Judging by the way the extras are described, a number of producer Greg Carson's interviews and featurettes are retained from Sony's abandoned release, before Criterion stepped in. Many of the principal players participate, with Bob Rafelson and Jack Nicholson offering candid observations and amusing anecdotes. A partial list of extras: Head includes a docu on BBS, screen tests and a 1968 TV interview with the Monkees: Easy Rider has two commentaries and extras from older Sony disc releases, as well as a new interview with Steve Blauner; Five Easy Pieces comes with another star-laden docu about BBS and a Rafelson commentary; The Last Picture Show also has two commentaries old and new, and two documentaries, including the entire 1990 Hickenlooper Picture This docu (41 min.), and an interview with François Truffaut. Drive, He Said and A Safe Place each carry a dedicated docu, while The King of Marvin Gardens is dominated by two Bob Rafelson interview featurettes and a scene-specific commentary.

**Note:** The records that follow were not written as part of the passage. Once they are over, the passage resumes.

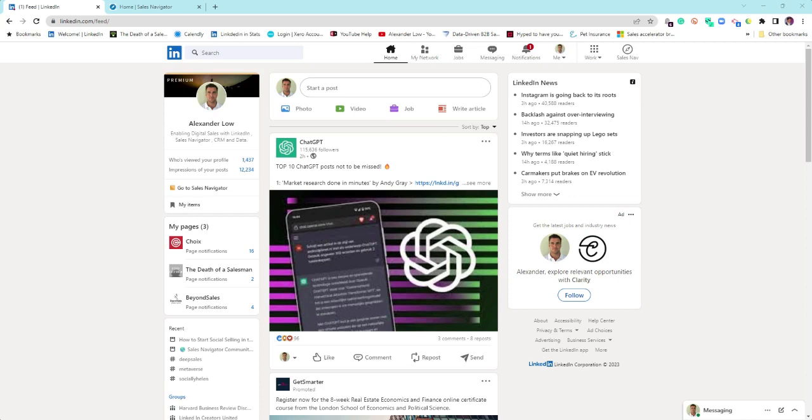Today we're going to give an overview of LinkedIn Sales Navigator because it's come a hell of a long way, certainly in the last two years.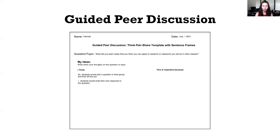In order to incorporate UDL even further into this activity, provide a list of multiple prompts or questions for students to choose from. One example used in library instruction classes: What did you learn today that you think you can apply to research you will do in other courses?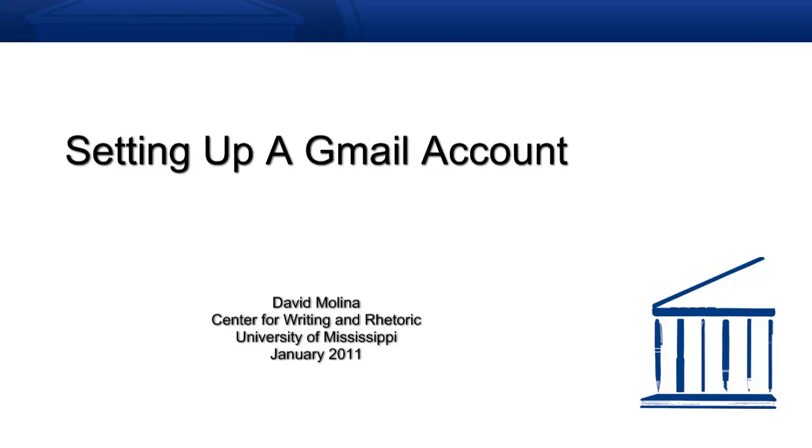Hi, this is Dave from the Center for Writing and Rhetoric at Ole Miss. In this screencast, I'm going to walk you through setting up a Gmail email address.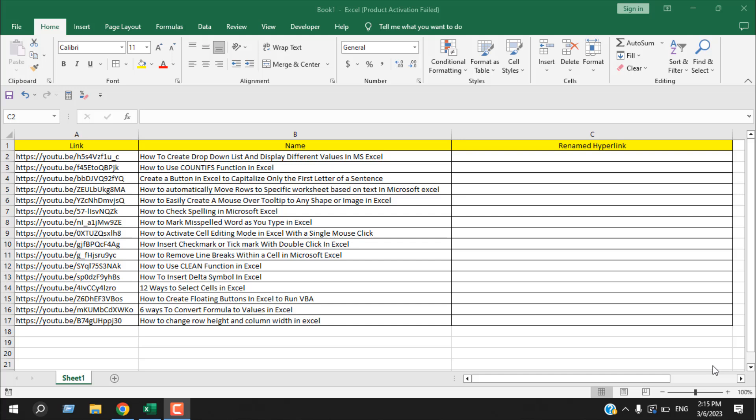Hello everyone, welcome to Excel 10 tutorial. In this quick Excel tutorial, I'm going to show you an excellent trick that you can use to rename your hyperlinks.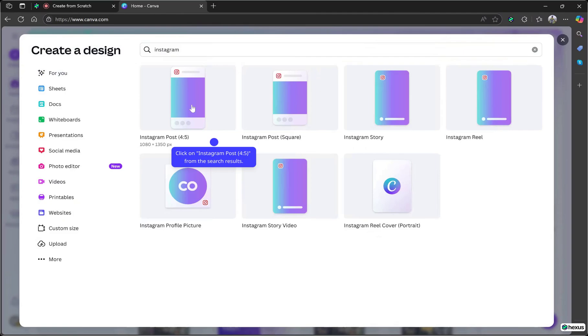But for now, we're going with an Instagram post. So click the first option, Instagram post, since it gives us the exact size based on Instagram's guidelines.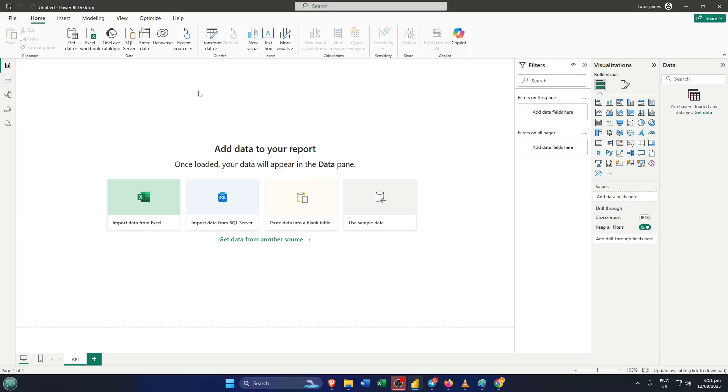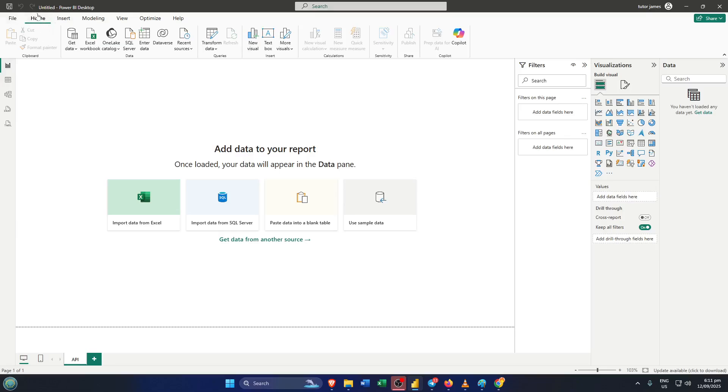First things first, open up Power BI on your computer. If you haven't worked with it before, don't worry, it's pretty user-friendly once you get the hang of it. Once you're on the main Power BI dashboard, look up at the ribbon along the top. You'll want to click on the tab that says Home. Think of the Home tab as your command center in Power BI. Almost every major action starts here.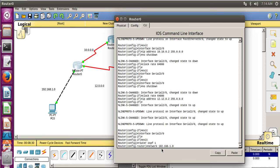A wildcard mask is a mask of bits that indicates which parts of an IP address are available for examination. In Cisco IOS they are used in routing protocols including OSPF to indicate the size of a network or subnet. In simple terms, it is the complement of the subnet mask — if your subnet mask has 255 in an octet, it is replaced with 0. So the complement of the subnet mask for this network would be 0.0.0.255.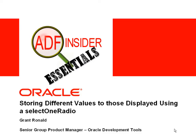Welcome to the ADF Insider Essentials series which demonstrates essential skills, tips and techniques that you will require for building an ADF application. In this demonstration you're going to see how you can store different values to those that you display when using a select one radio UI component.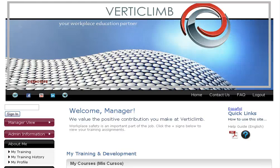Hi, I'm Becky with Verticlim and today we're going to go over how to run a report using the Report Manager in your Learn Center.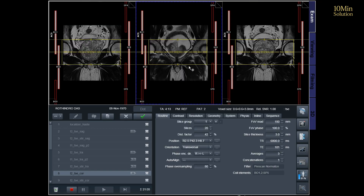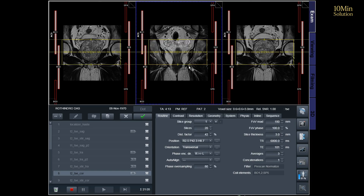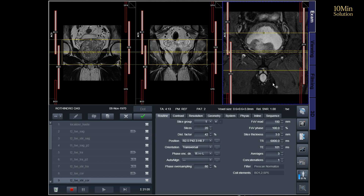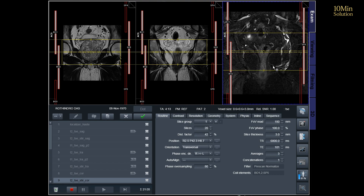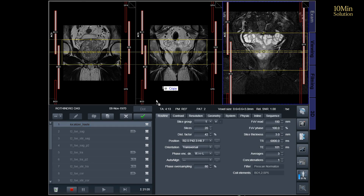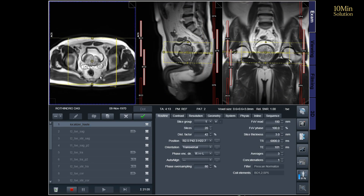Slices must be sufficient to cover the whole prostate and seminal vesicles. Additionally, to minimize artifacts arising from arterial pulsation, peristalsis, and breathing, consider incorporating saturation bands on top and in front of the axial block.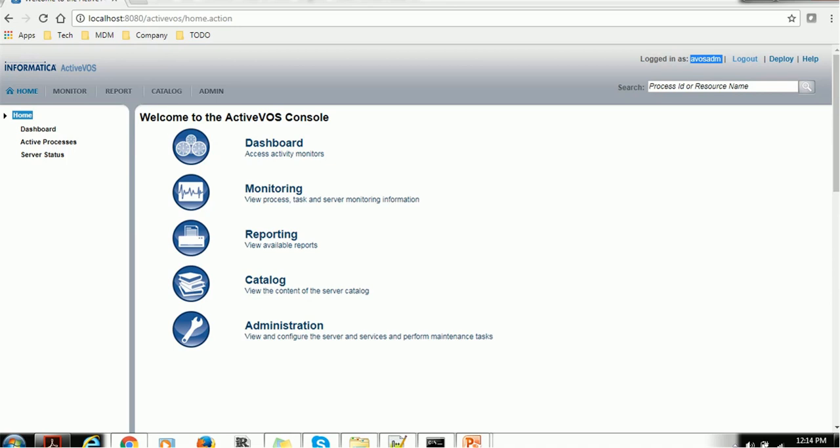We have the global search also here, if you want to search with the process ID or the resource name. On the left-hand side, we have the Home section. Inside Home, we have the Dashboard.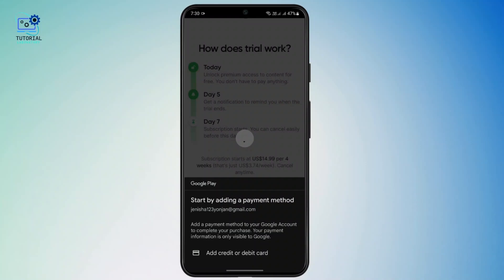Start by adding a payment method, then get a subscription for seven days. After that, go to your account settings and navigate to 'Plans'.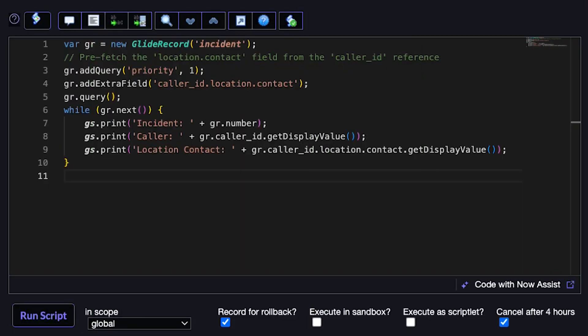Starting in the Washington release, you can use addExtraFields and tell GlideRecord to grab those fields up front, reducing extra lookups and thus improving your performance. This becomes especially helpful when you dot-walk two or more references. Like in this example, we're adding the location's contact from the caller_id field.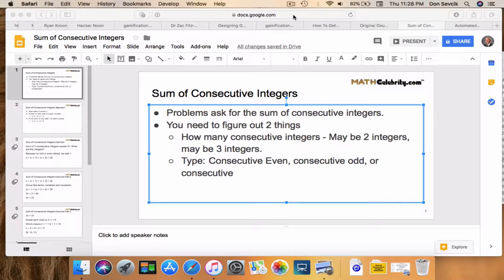Hey there, thanks for checking out the sum of consecutive integer word problem video from mathcelebrity.com. Today you're going to learn two things: I'm going to walk you through an example of sum of consecutive integers problems and how to solve these quickly, and then at the end of the video I'm going to show you how to get to our calculator to check any sum of consecutive integer problem quickly, so you can speed up your homework and improve your learning skills.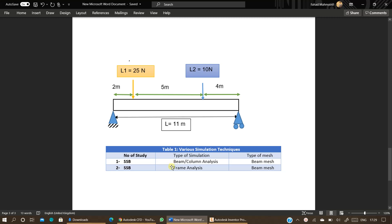This video is about frame analysis. In this video you are going to learn another simulation technique to simulate the shear force, support reaction, and bending moment distribution across a beam.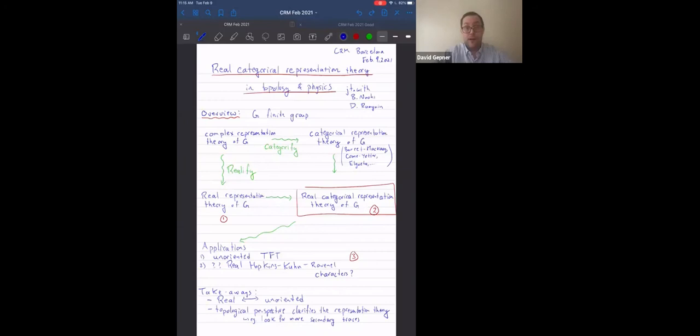For our final talk of the afternoon, it's my pleasure to introduce Matt Young, who will be talking about real categorical representation theory in topology and physics.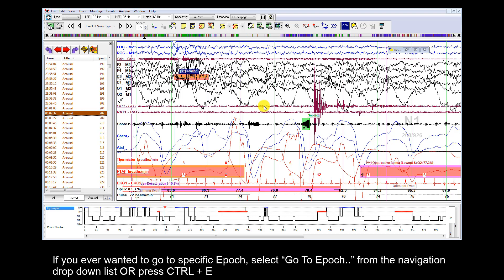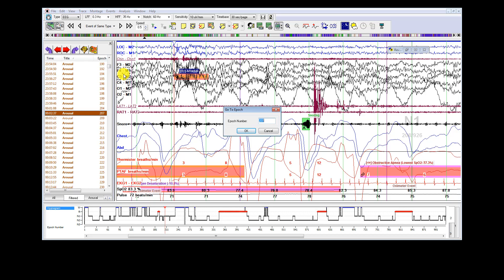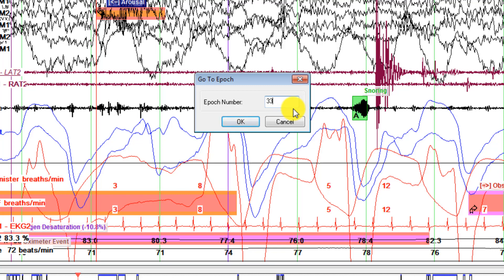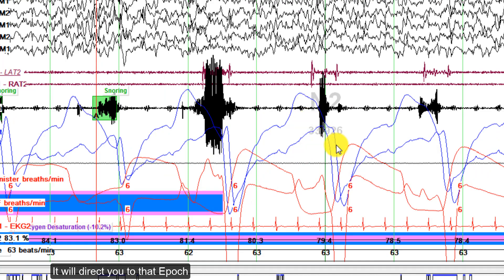If you ever want to go to a specific epoch, select Go to Appbook from the Navigation menu, or press Ctrl+E. You will see a dialog appear on the screen. Enter your desired number and press OK, and it will direct you to that epoch.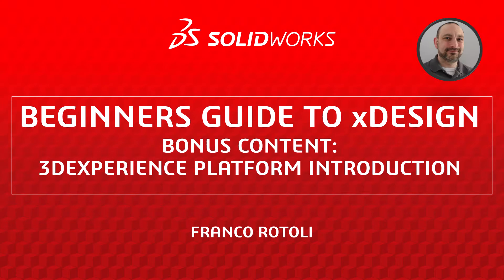Hi, my name is Franco Rottoli from the SolidWorks training team. In this bonus video, I'll be taking you on a quick tour of the 3DEXPERIENCE platform as a new user.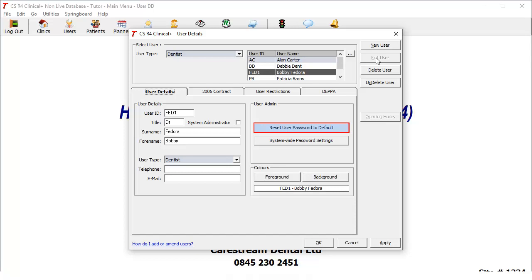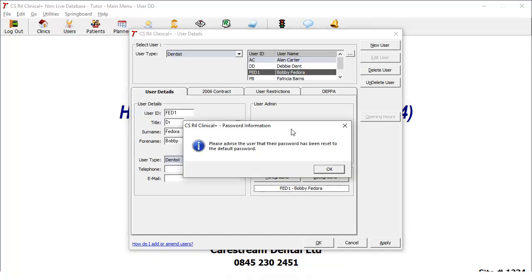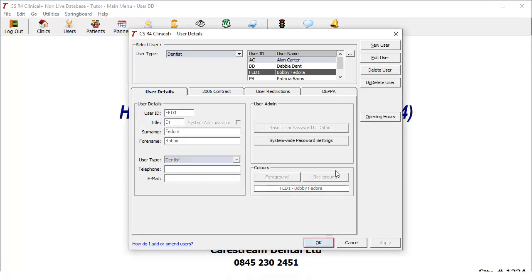The password will then be reset to the default system password set by the administrator. If the administrator has not set a default password, then the default password will be blank. Remember to inform the user that their password has been reset to the default system password. Click OK to close the window.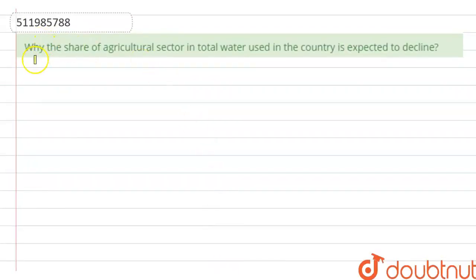Hello everyone. The question here is: why is the share of the agriculture sector in total water use in countries expected to be declined?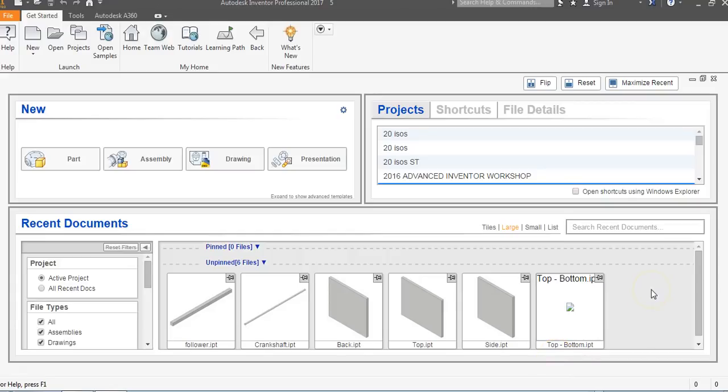This is a video for how to assemble the automata box for unit 3 in Introduction to Engineering Design. The first thing we want to do is make sure we're in our correct project folder when we start.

The six Blu-ray discs come in card and plastic folders within a card slipcase with a theater marquee design motif. Drive, He Said and A Safe Place share a disc. A 112-page book contains essays on five of the films by Chuck Stephens, Matt Zoller Seitz, Kent Jones, Graham Fuller and Mark Le Fanu, with J. Hoberman contributing an engrossing extended essay on the full history of the BBS Company. America Lost and Found the BBS Story is an atypical Criterion product in that it adapts an unreleased special edition from a major studio. With the studio Home Video divisions now diverting their deep library titles to new Burn On Demand programs, these are excellent days for the Criterion Collection.